The calamity was the gift Rowbury needed. Natalya Evdokimova moved up from behind Rowbury to end up fourth. Langat moved back to fifth and that left the final qualifying spot available with Hamblin down on the track out of the mix. Rowbury was able by .02 to nip Gezahegne for the final automatic qualifying spot. (After an appeal Gezahegne was added to the semi-final).

Afterwards we talked to Rowbury and Hamblin. Hamblin unintentionally caused the fall. She said she felt good and there wasn't a lot of room to move up. She plans on filing a protest hoping to get into the semi-final. The most deserving to get in the semi-final would be Gezahegne and if this was the USAs championships we have no doubt she'd be advanced.

Rowbury was the biggest beneficiary of the fall. With her success in 2009, she looked forward to the next round. She said, "With 250 to go I don't think I realized how many people were right there and got a little bit boxed...I'm definitely a strength oriented 1500m runner and in the past historically with each round I've gotten stronger." On the fall she said, "You never know who is going to go down but it seems like without fail someone does unfortunately." She also pointed out how Worlds is different as none of the athletes have raced in the last 3 weeks.

1 388 Hannah England GBR 4:13.45 Q

Shannon Rowbury Feels Good Despite Narrowly Advancing

2 180 Mimi Belete BRN 4:13.50 Q
3 644 Siham Hilali MAR 4:13.59 Q
4 752 Natalya Evdokimova RUS 4:14.36 Q
5 582 Nancy Jebet Langat KEN 4:14.37 Q
6 973 Shannon Rowbury USA 4:14.43 Q
7 347 Kalkidan Gezahegne ETH 4:14.45
8 318 Isabel Macías ESP 4:14.75
9 899 Anzhelika Shevchenko UKR 4:16.22
10 1003 Tandiwe Nyathi ZIM 4:32.79 (PB)
11 695 Nikki Hamblin NZL 4:36.70

Heat 2 Lisa Dobriskey Goes Home

Heat 2 featured Natalia Rodriguez who crossed the line first in the 1500m final in 2009 but was disqualified for a foul, 2009 silver medallist Lisa Dobriskey of the UK, and American Jenny (Barringer) Simpson, the former NCAA star from Colorado.

Simpson took it out in 69.75 and 2:20.89 - slow, but not as slow as the first heat.
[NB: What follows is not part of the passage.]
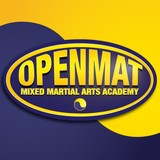OpenMat MMA, Toronto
The pace then picked up, but at the bell (3:10.80) ten women were still in contention for the six spots. On the backstretch Turkey's Tugba Karakaya (European under-23 silver medallist) was battling with Rodriguez and Kenya's Viola Kibiwot, while Simpson was in fourth.
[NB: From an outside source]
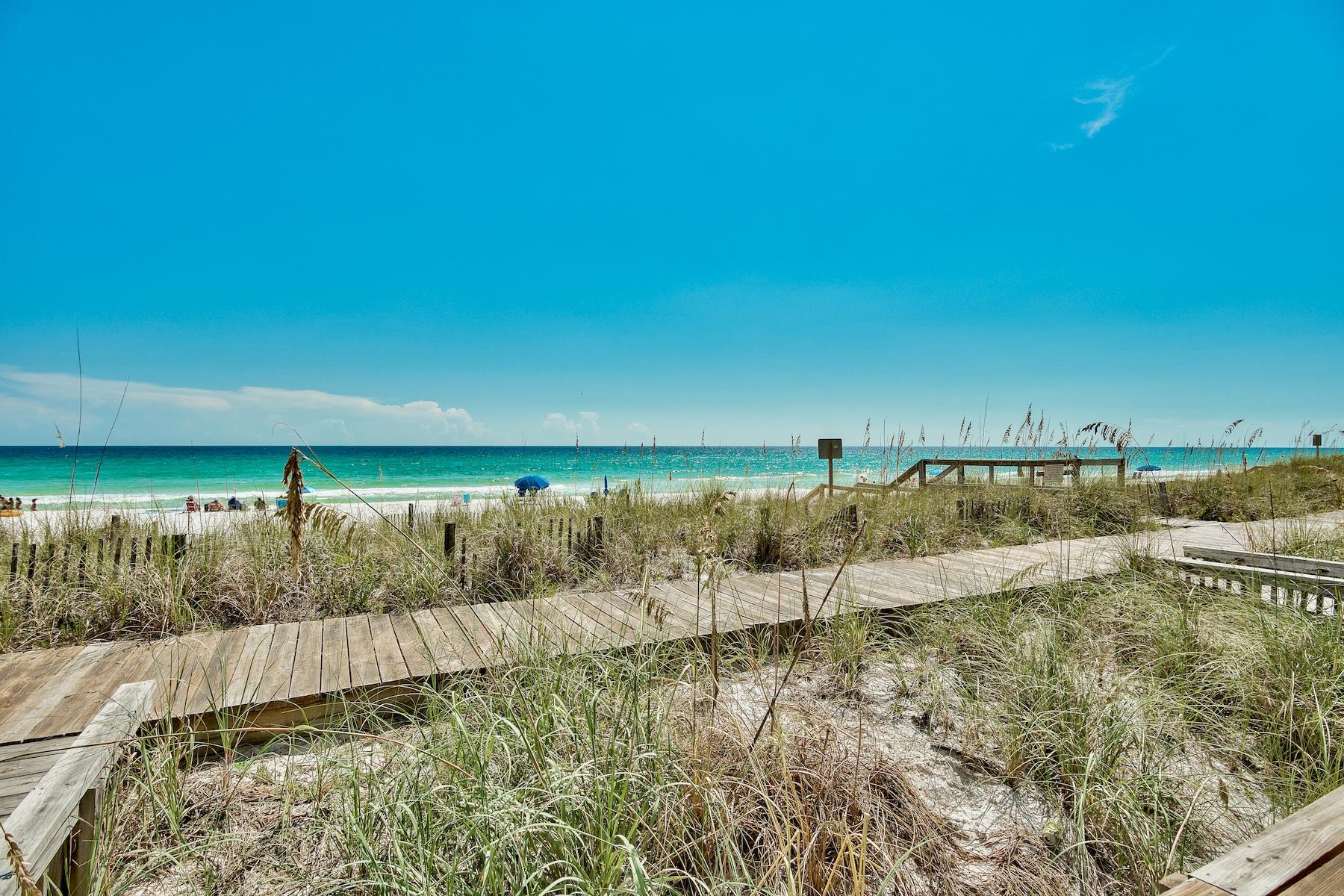 COSTA DEL SOL T/H - Residential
Down the homestretch there was not a lot of drama as the first seven were clear of everyone else, with the 7th runner Olesya Syreva gapped by the front six. The unheralded Karakya looked best up front and powered home to the win in 4:10.38. Simpson had nothing to worry about and got 5th.

The big news was Lisa Dobriskey way back in 11th. The silver medallist from 2009 had a really off day and was not a factor the last lap. Dobriskey smiled as she talked to the media afterwards, but will be going home after round 1.

Afterwards Simpson noted her experience leading steeplechases helped her feel comfortable leading here. She added, "I knew when they came to run hard, I was going to be ready to go... (The final stretch) I knew I was going to make it in. It was a good feeling." She also there are many similarities to the 1500 and steeple with the athletes having to be able to change gears.

1 861 Tugba Karakaya TUR 4:10.38 Q

Jenny Simpson After Advancing

2 645 Btissam Lakhouad MAR 4:10.71 Q
3 577 Viola Jelagat Kibiwot KEN 4:10.74 Q
4 327 Natalia Rodríguez ESP 4:10.76 Q
5 919 Jennifer Barringer Simpson USA 4:10.84 Q
6 906 Nataliya Tobias UKR 4:10.99 Q
7 787 Olesya Syreva RUS 4:11.24 q
8 147 Natallia Kareiva BLR 4:12.03
9 186 Genzeb Shumi BRN 4:12.32
10 336 Meskerem Assefa ETH 4:12.43
11 386 Lisa Dobriskey GBR 4:12.70
12 310 Gladys Landaverde ESA 4:28.50 (SB)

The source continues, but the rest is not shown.